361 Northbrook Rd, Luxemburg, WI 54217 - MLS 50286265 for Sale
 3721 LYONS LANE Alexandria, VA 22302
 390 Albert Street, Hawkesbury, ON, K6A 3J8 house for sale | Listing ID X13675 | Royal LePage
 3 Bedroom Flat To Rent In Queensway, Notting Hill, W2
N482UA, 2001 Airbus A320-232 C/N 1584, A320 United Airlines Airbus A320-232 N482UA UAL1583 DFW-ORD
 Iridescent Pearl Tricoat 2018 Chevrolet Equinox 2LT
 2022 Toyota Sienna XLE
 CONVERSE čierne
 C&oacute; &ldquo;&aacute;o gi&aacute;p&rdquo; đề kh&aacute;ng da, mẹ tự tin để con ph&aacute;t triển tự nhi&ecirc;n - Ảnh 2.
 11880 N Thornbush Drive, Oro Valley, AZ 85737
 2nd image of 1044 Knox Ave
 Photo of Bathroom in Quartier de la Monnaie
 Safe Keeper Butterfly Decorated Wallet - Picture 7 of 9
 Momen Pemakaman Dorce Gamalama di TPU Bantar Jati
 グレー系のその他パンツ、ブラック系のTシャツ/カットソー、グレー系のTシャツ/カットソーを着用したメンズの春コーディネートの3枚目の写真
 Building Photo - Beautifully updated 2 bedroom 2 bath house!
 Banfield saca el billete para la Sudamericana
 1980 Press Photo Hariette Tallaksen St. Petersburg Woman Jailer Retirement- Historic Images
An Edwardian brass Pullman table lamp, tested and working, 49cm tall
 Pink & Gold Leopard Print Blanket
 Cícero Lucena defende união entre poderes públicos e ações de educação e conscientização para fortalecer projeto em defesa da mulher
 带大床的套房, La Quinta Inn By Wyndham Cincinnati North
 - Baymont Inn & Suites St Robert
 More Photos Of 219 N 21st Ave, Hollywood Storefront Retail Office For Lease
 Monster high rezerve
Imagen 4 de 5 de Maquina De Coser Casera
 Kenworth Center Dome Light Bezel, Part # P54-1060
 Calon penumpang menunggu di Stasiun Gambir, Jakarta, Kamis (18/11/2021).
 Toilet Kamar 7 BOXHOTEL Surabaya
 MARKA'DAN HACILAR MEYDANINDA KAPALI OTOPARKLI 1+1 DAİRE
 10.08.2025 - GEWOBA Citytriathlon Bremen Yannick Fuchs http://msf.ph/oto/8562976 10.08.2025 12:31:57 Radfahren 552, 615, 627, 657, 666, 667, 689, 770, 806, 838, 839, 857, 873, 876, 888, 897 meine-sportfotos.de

> What is expected
Among the lines above, which ones hold the string "house"? Show them.

> Written reply
 390 Albert Street, Hawkesbury, ON, K6A 3J8 house for sale | Listing ID X13675 | Royal LePage
 Building Photo - Beautifully updated 2 bedroom 2 bath house!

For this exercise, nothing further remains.